VIDEO RATING: 1.5/5.0
Poirot, presented in a 1.33:1 (which from my research appears to not be the original aspect ratio) transfer and suffers from some occasional compression issues as well as a slightly higher than desired contrast level. Colors do capture the wonderful period atmosphere and detail is far from outstanding but definitely adequate.
VIDEO RATING: 3.0/5.0
"Sherlock Holmes'" English 2.0 audio features some occasional high-end distortion and can sound hollow at times, but is otherwise perfect for the time period and production value.
AUDIO RATING: 3.5/5.0
"Miss Marple's" English 2.0 audio track is in far better shape than the video, perfectly mixed, and distortion free. Only occasionally does the sound wind up a bit muddled, but never to the extent that it detracts from the viewing experience.
AUDIO RATING: 3.0/5.0
"Poirot's" English 2.0 audio track is unremarkable, with dialogue heavier than the score and sound effects, but completely distortion free. The more modern production does feature a more rich aural presentation than the other series' but is ultimately, not spectacular.
AUDIO RATING: 3.0/5.0
Featured on disc two of the set, is an episode of "Biography" focused on the character of Sherlock Holmes as if he were a real person. It's a fun diversion and gives a solid overview of the character. On a more frustrating note, the packaging boasts biographies of David Suchet, Agatha Christie and indexes of all Poirot and Miss Marple stories. The biographies are merely text-based features and not feature length episodes of the "A&E" series.
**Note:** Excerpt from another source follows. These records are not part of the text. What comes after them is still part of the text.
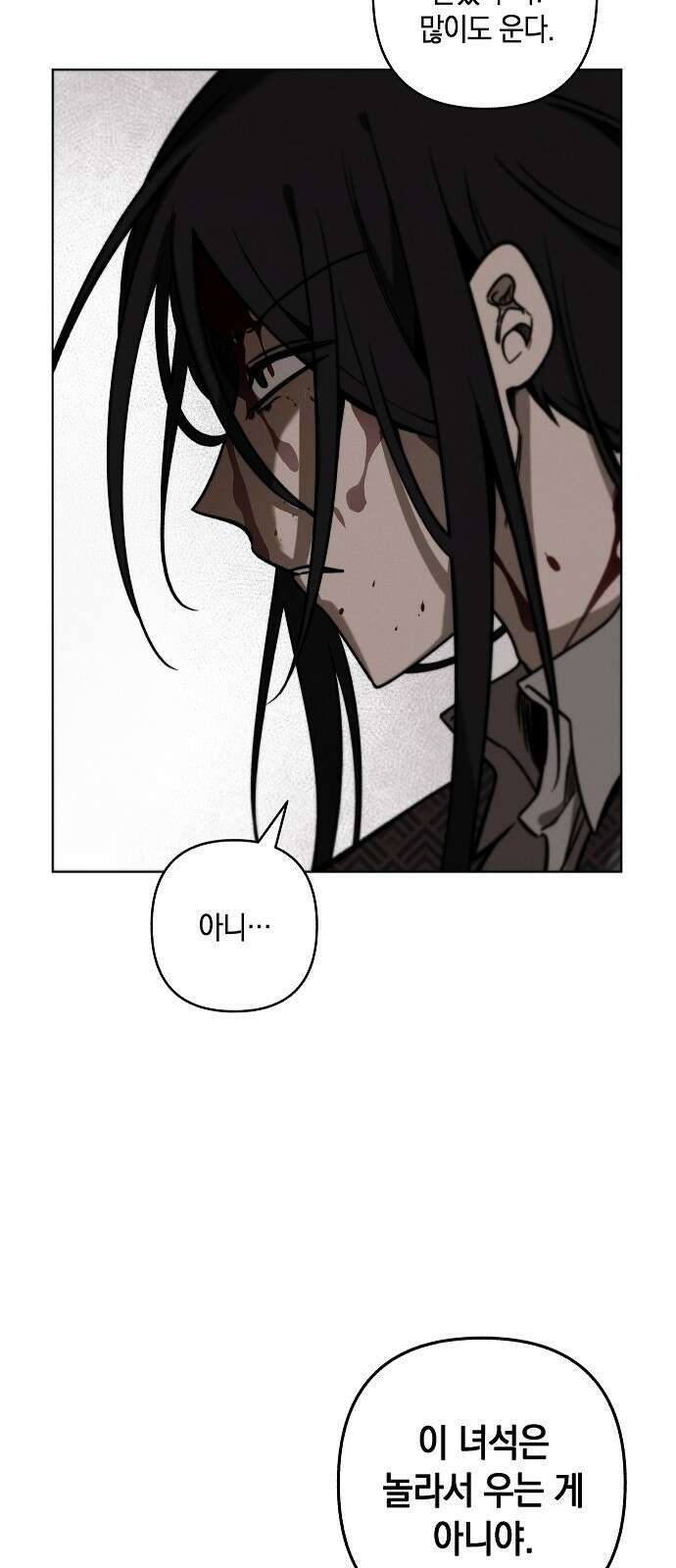 괴물의 바다 1화 133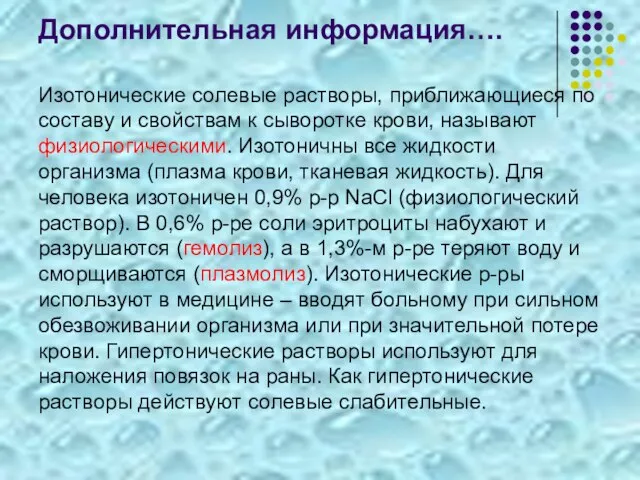 Дополнительная информация…. Изотонические солевые растворы, приближающиеся по составу и свойствам к сыворотке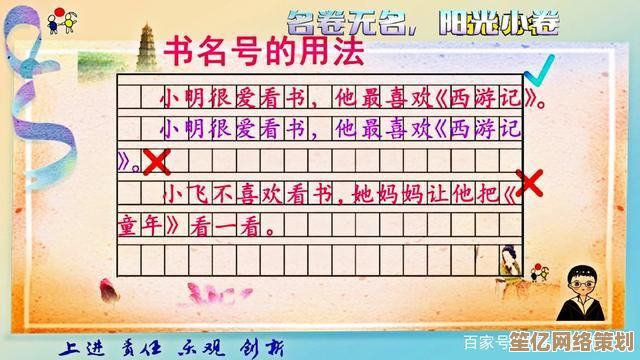 掌握书名号使用技巧：提升写作规范与表达清晰度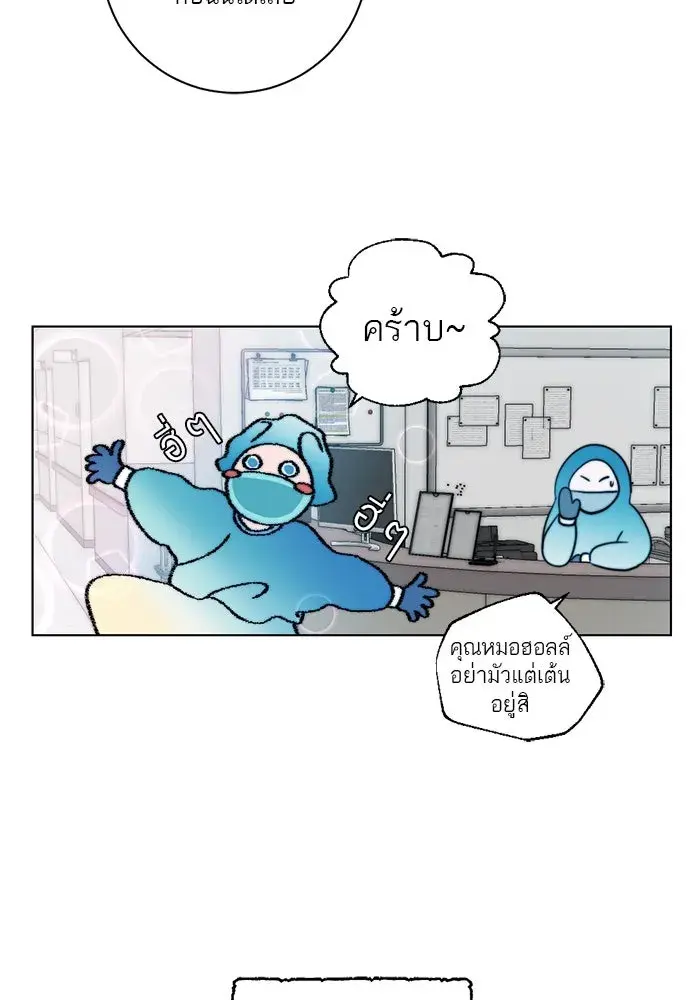 หน้า 55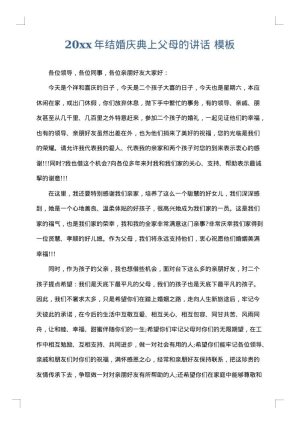2025年结婚庆典上父母的讲话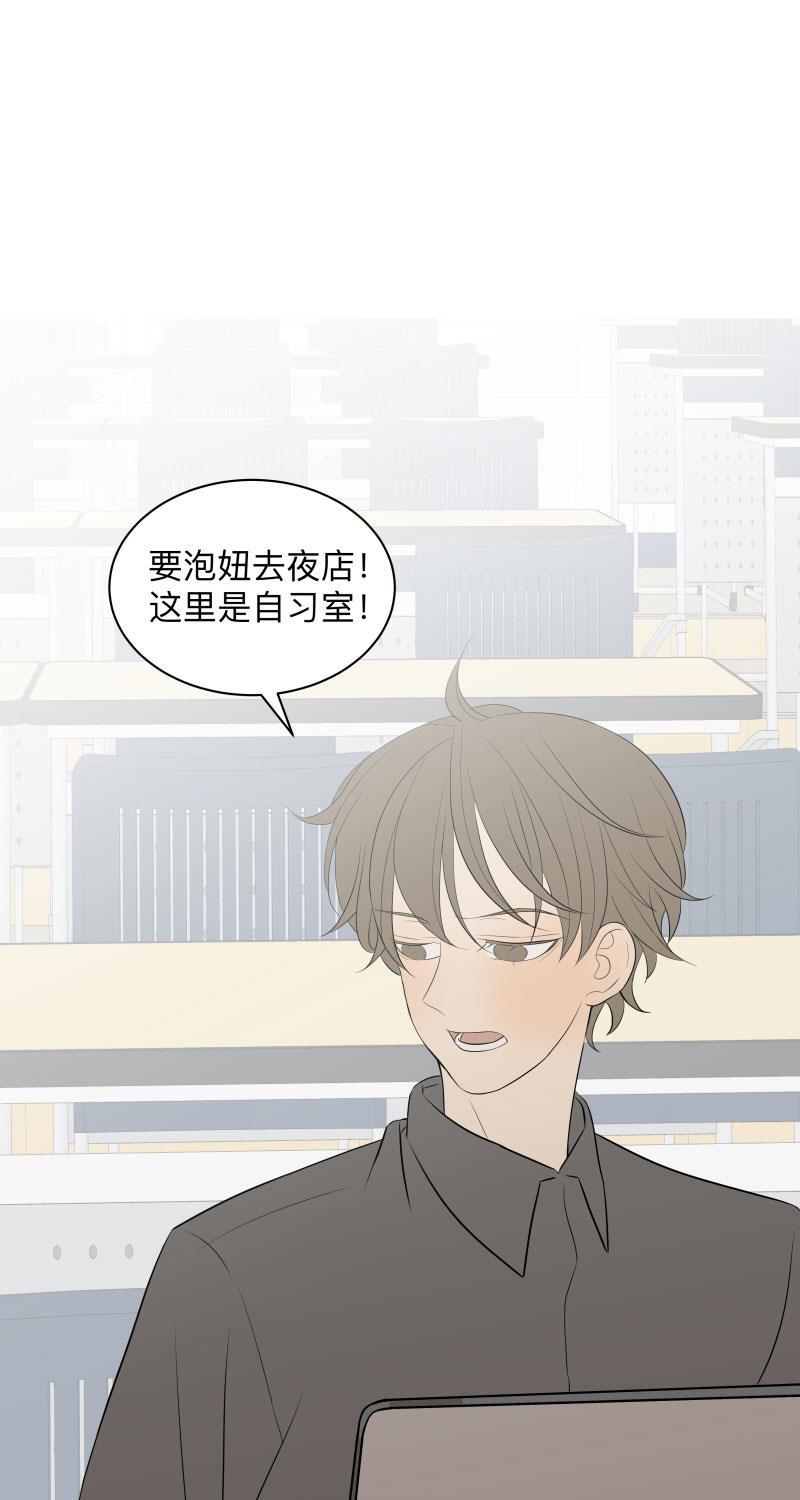 我与这家伙韩漫全集-第30话无删减无遮挡章节图片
Featuring three series' that might not appeal universally to every viewer, the "Great Detectives Anthology" doesn't fully live up to its potential for bringing in new viewers. Peter Cushing's "Sherlock Holmes" is ok across the board, while Joan Hickson's "Miss Marple" might be too dated and restrained for modern tastes. Only David Suchet's "Poirot" is a safe bet in sheer entertainment value, but the narrow scope of the episodes, all recent productions don't speak much for the history of the series. Adding insult to injury, "Miss Marple" is incomplete by one-episode, making a purchase of this set too much of a gamble. Rent It.